(Information begins)

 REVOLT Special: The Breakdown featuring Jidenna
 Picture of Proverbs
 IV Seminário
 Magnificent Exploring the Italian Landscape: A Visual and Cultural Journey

(Information ends)
(Information begins)

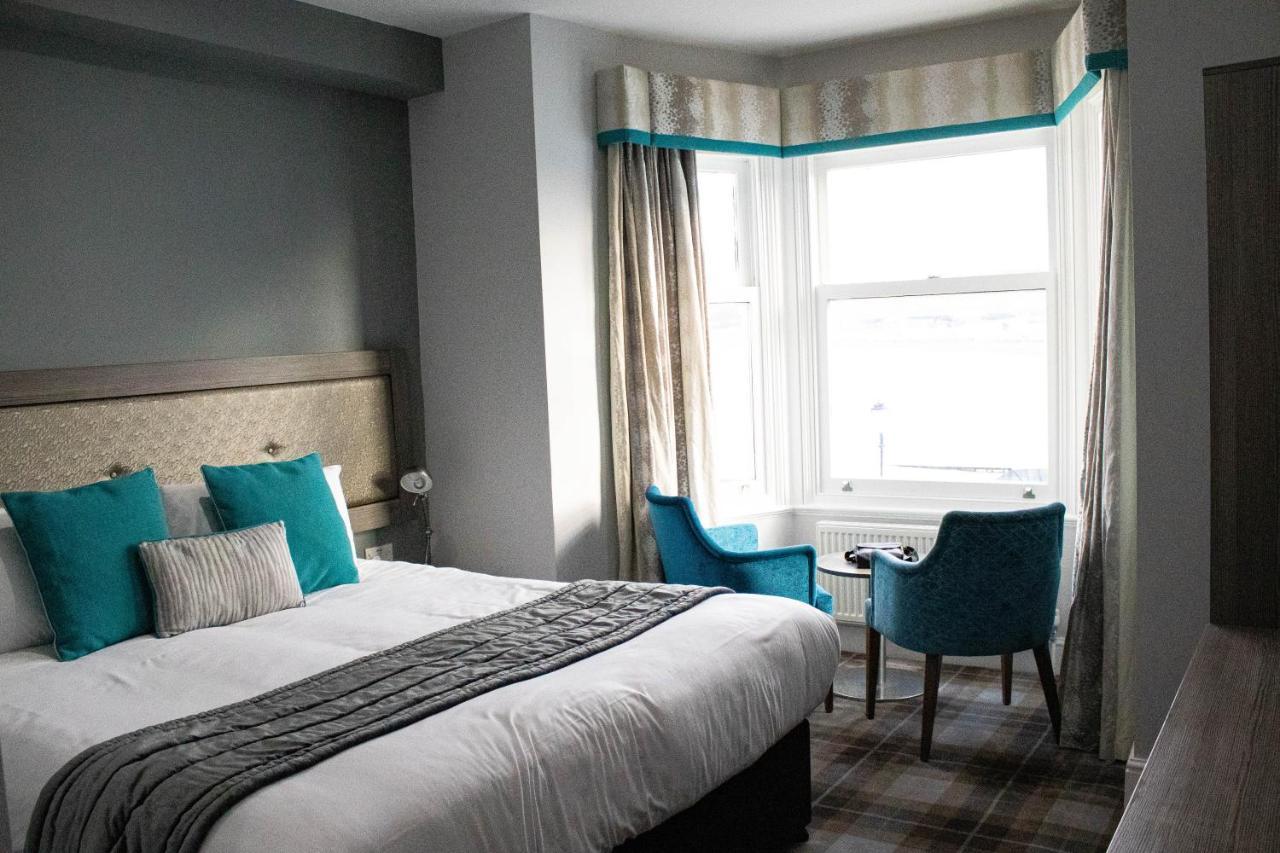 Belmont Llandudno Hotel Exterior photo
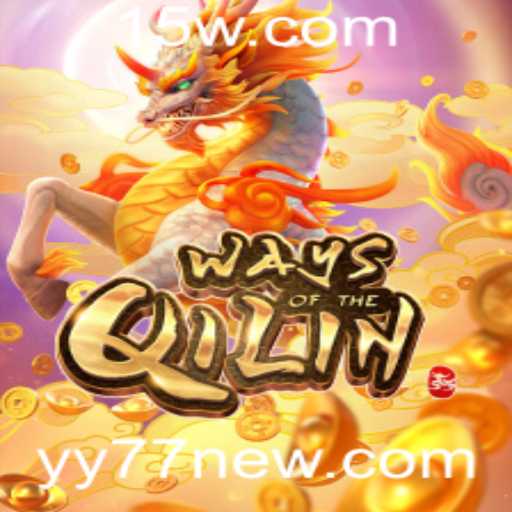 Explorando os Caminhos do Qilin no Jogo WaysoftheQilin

(Information ends)
(Information begins)

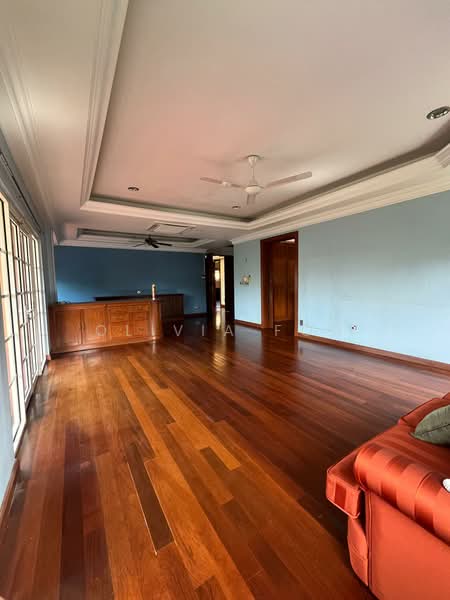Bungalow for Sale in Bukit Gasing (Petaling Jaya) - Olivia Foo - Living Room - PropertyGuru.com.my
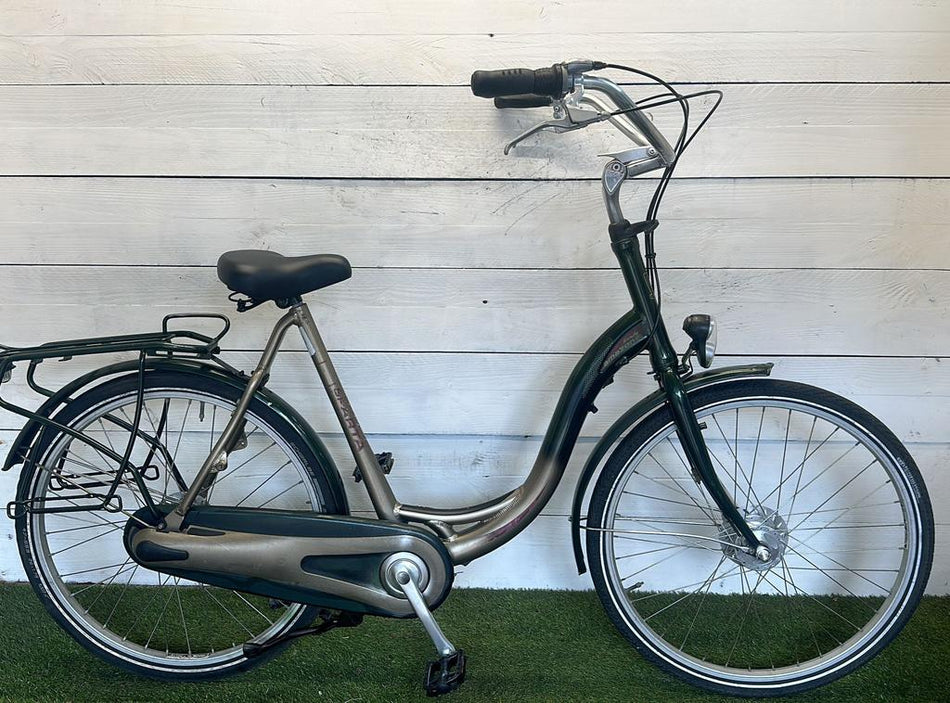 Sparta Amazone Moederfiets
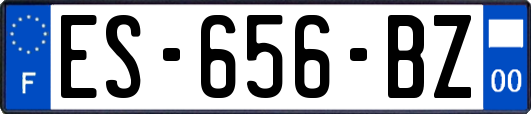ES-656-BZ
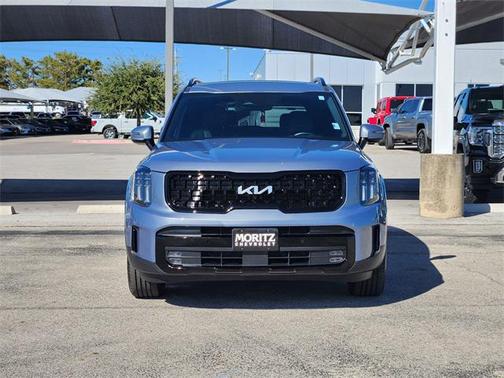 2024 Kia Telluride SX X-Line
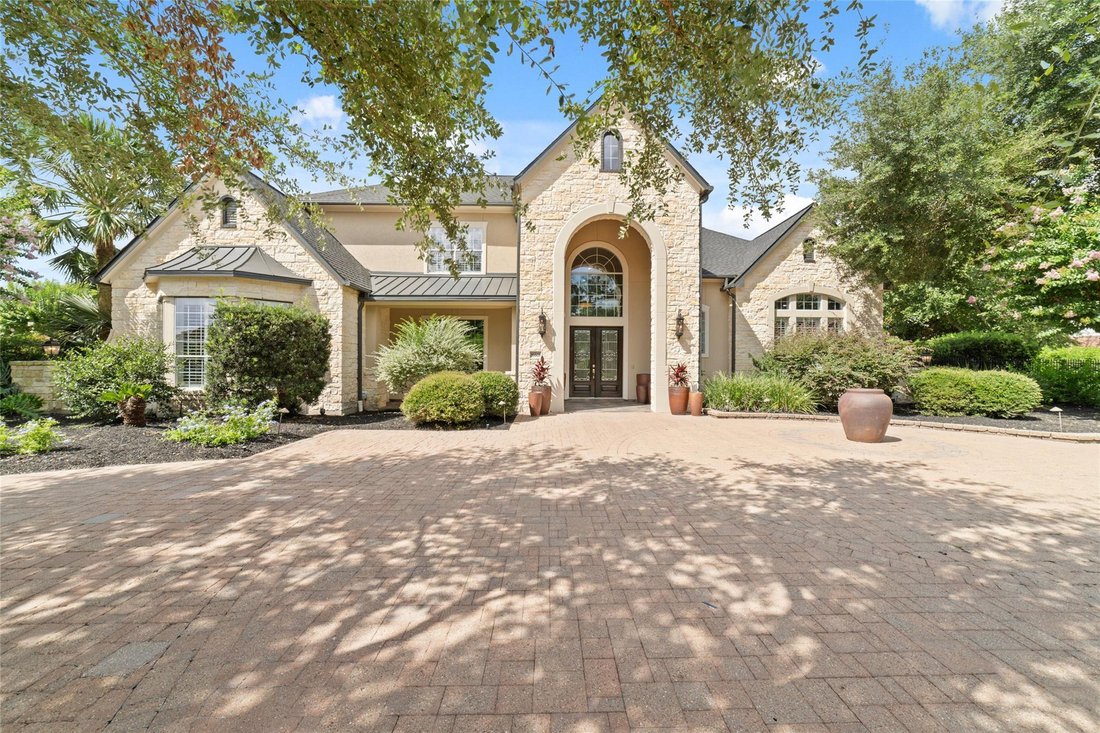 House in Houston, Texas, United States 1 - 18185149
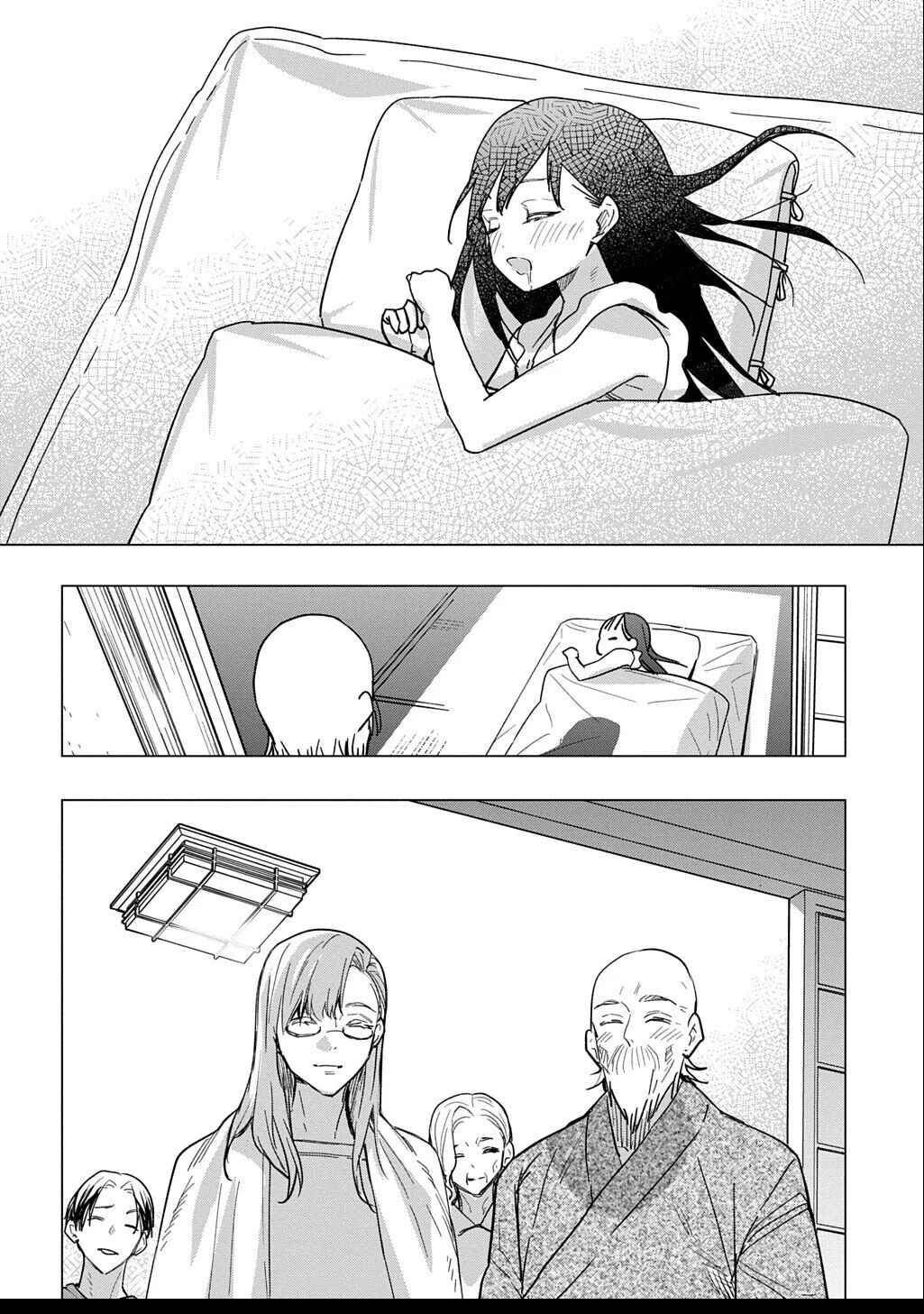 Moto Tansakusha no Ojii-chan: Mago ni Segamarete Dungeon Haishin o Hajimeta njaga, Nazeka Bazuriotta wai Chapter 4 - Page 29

(Information ends)

[What is being asked]
Using the entries above, repeat only the lines from the one containing "REVOLT Special: The" through the one containing "Magnificent Exploring the", end lines included.

[Response for this exercise]
 REVOLT Special: The Breakdown featuring Jidenna
 Picture of Proverbs
 IV Seminário
 Magnificent Exploring the Italian Landscape: A Visual and Cultural Journey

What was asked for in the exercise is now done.